A purist (according to the definition in the OED Online) is “a person who aims at or insists on scrupulous adherence to an ideal of purity or correctness, esp. in language or style; a person who adheres strictly to a principle or doctrine.” As readers of this blog may have divined from earlier posts, Y-H-B belongs to the dwindling breed of linguistic purists, especially when it comes to the languages he speaks fluently (Russian, Japanese, and English).
The puristic impulse was rekindled anew by the trip I took recently to Japan; also by viewing the new Yiddish-language film “Menashe,” in which all but one actor belong to the Yiddish-speaking Hasidic community in Borough Park Brooklyn, New York. In Japan I constantly heard the contemporary variety of standard Japanese wherein practically every other word or phrase is a Japanized borrowing from (American) English, also known as Japlish (cf. Spanglish, Franglish, etc.). This hybridized (not to say bastardized) species of language eschews perfectly well-established native (or Sino-Japanese) forms of expression when an English alternative is readily available through the penetration of modern media. In “Menashe” a similar situation obtains, with lexical items from American English studding the speech of the characters, especially the younger ones.
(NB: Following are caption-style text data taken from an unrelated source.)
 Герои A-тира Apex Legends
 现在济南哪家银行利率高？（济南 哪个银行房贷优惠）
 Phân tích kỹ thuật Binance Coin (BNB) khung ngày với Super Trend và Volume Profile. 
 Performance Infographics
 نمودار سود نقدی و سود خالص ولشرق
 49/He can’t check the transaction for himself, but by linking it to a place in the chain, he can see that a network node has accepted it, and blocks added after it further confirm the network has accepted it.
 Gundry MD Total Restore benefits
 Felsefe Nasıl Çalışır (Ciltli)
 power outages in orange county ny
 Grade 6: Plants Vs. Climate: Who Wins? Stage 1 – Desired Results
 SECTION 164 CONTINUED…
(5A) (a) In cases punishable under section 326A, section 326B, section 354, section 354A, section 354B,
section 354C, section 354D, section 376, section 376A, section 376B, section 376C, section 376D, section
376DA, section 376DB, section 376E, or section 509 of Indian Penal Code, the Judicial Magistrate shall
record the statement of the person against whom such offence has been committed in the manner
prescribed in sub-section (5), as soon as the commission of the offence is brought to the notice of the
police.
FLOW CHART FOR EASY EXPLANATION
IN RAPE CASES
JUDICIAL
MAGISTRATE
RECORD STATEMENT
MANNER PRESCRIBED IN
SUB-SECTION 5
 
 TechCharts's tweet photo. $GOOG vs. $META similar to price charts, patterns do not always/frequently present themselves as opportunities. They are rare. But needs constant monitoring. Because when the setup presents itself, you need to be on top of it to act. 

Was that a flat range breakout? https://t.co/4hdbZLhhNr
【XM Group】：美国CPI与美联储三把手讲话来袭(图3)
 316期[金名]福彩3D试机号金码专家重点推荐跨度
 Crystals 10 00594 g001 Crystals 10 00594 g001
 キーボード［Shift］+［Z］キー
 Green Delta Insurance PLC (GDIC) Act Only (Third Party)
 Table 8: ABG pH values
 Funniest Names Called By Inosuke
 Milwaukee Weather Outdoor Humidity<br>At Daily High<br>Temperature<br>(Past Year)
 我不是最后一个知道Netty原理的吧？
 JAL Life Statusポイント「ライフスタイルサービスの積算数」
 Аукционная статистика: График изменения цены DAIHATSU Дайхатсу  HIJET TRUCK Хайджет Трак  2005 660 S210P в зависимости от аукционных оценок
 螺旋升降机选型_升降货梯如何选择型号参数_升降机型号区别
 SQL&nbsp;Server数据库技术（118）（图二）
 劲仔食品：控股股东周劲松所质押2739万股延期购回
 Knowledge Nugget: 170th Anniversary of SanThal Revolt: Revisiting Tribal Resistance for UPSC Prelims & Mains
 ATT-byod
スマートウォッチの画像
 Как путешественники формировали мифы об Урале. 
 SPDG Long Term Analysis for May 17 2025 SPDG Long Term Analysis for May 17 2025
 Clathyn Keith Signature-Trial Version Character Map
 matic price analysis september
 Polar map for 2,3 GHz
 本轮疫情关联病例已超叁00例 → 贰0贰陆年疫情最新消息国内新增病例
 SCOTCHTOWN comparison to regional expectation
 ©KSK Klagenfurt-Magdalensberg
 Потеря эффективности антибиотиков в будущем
Linguistic purism is seen as “the practice of defining or recognizing one variety of a language as being purer or of intrinsically higher quality than other varieties.” A linguistic purist is exercising a value judgment as to the integrity of the spoken or written language in active use. In the case of contemporary English, like any language with a long record of lexical borrowing from other languages, speakers resort to items that are of foreign provenience and of different time depths without realizing that they were borrowed (typically, from Latin or Anglo-Norman). When an item is obviously foreign––like machismo—it has a cultural resonance and is utilized in contexts that make direct or indirect reference to its origin.
Unlike borrowings in active use in contemporary English, however, those that are so frequent and growing in number in Japanese or Yiddish serve only the most expedient communicative purposes, which enable speakers to elide the necessity of learning how to express the same linguistic content in language that is more in keeping with traditional norms.